Reproduce only what runs from the line containing "エラーカード】ドラコンボールヒーローズ2枚セットを4組 カードダス" to the line containing "陈天桥邓亚峰联手破解大模型记" in the records below, inclusive. Keep it exact, and keep the pictures out.

EXERCISE DATA below:

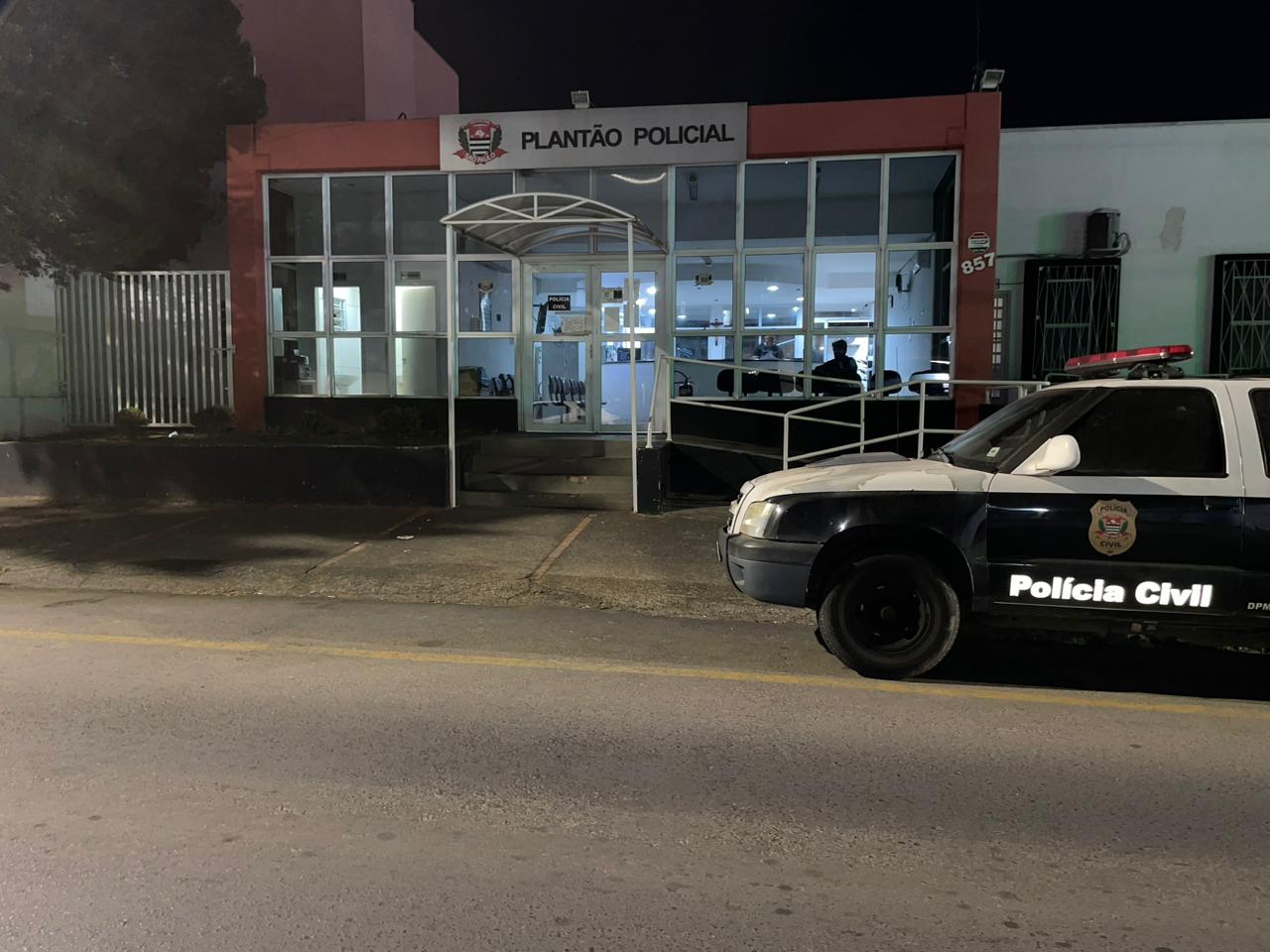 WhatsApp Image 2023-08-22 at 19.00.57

End of EXERCISE DATA.
EXERCISE DATA below:

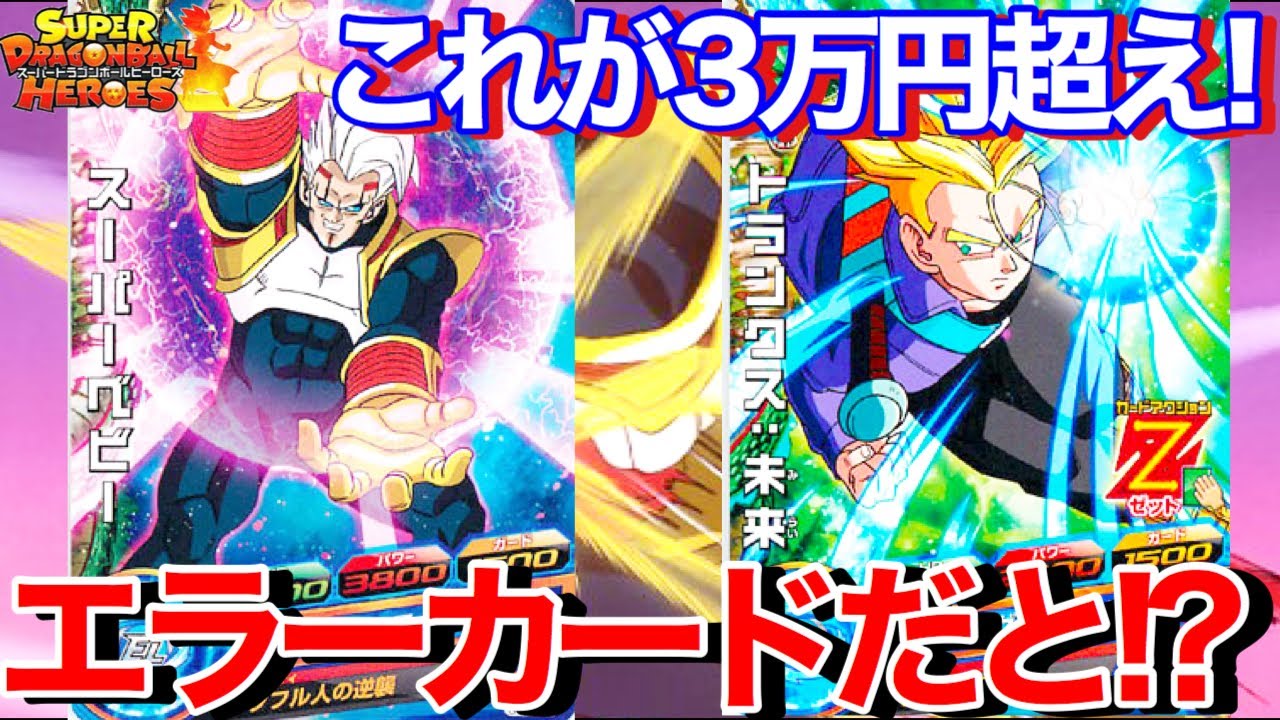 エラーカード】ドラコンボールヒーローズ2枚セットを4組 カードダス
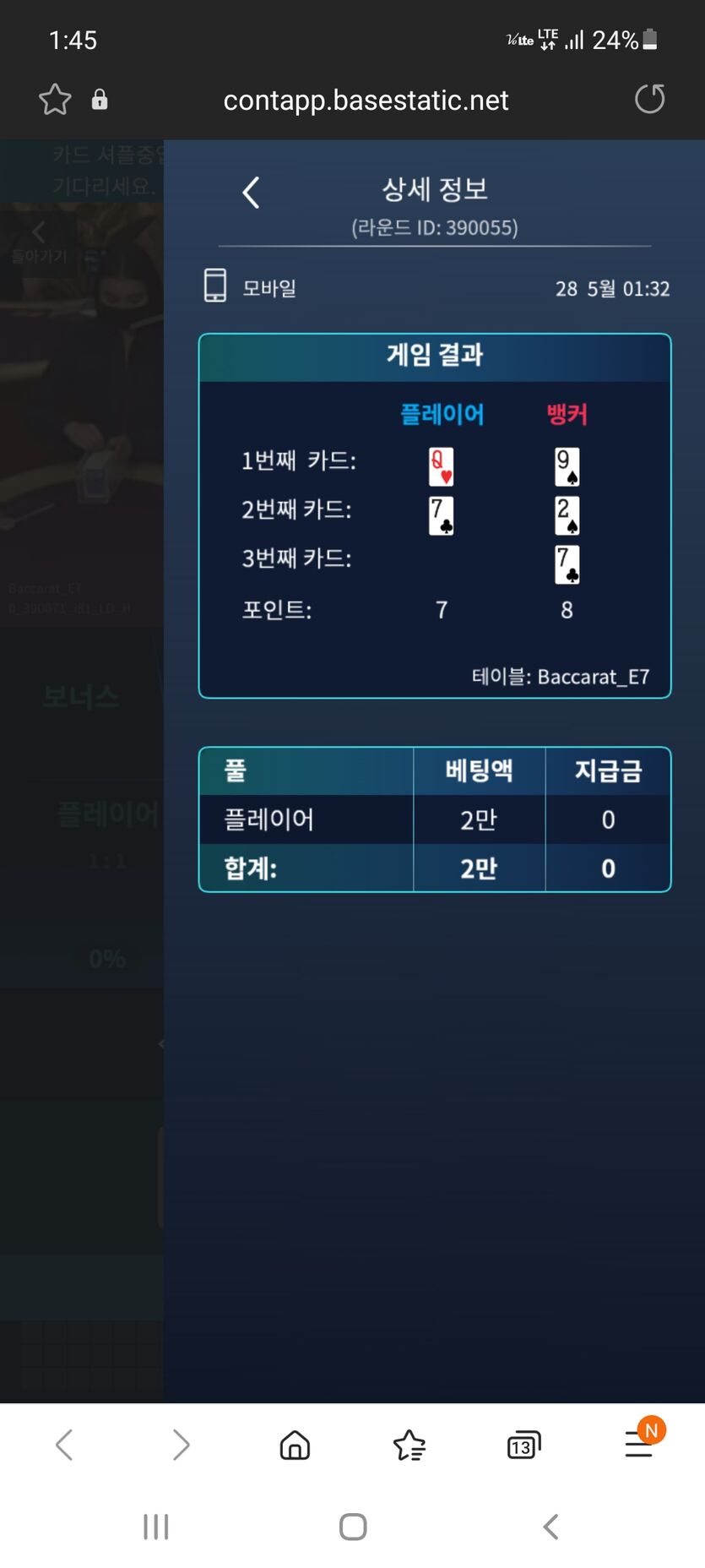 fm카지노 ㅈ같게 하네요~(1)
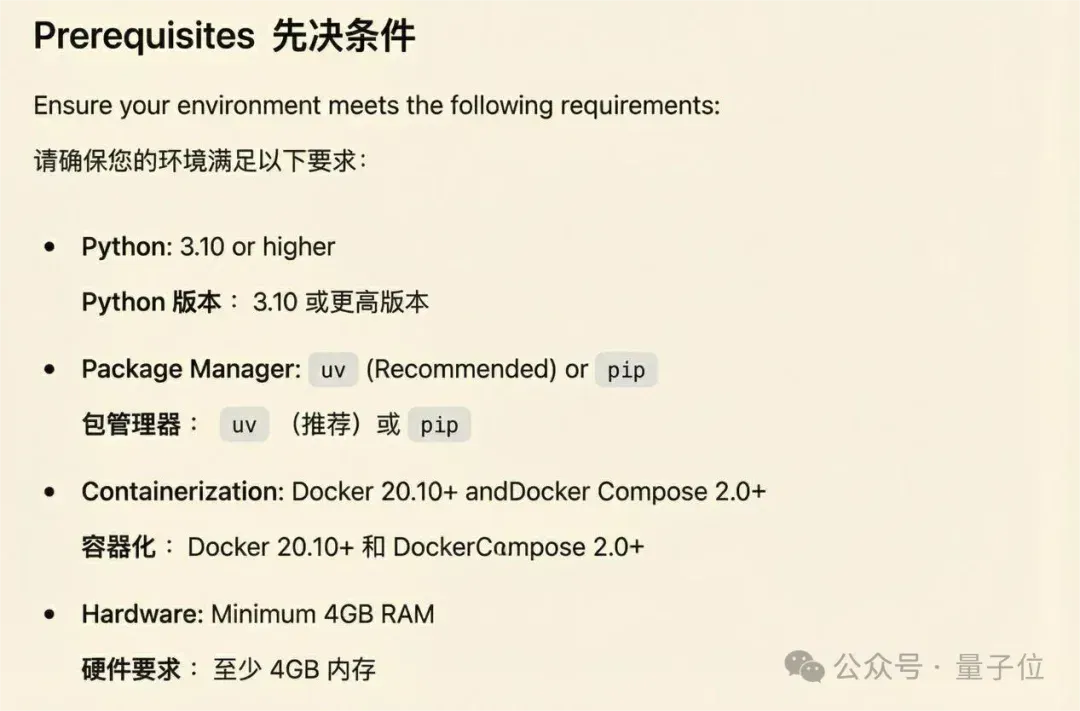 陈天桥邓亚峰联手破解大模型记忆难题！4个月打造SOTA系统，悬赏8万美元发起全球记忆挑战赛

End of EXERCISE DATA.
EXERCISE DATA below:

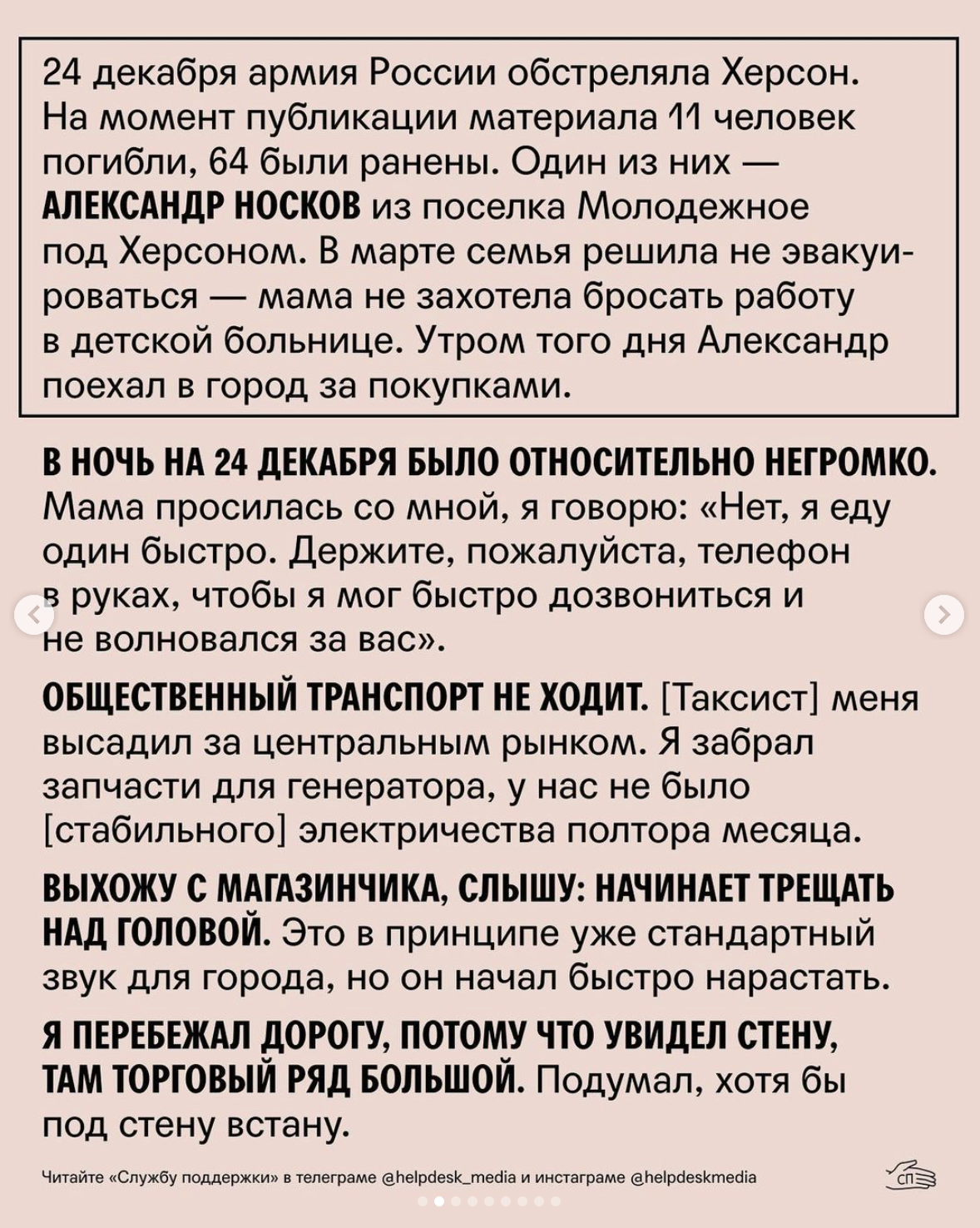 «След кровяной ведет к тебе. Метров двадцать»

End of EXERCISE DATA.

§ **RESULT OF THE TASK**:
 エラーカード】ドラコンボールヒーローズ2枚セットを4組 カードダス
 fm카지노 ㅈ같게 하네요~(1)
 陈天桥邓亚峰联手破解大模型记忆难题！4个月打造SOTA系统，悬赏8万美元发起全球记忆挑战赛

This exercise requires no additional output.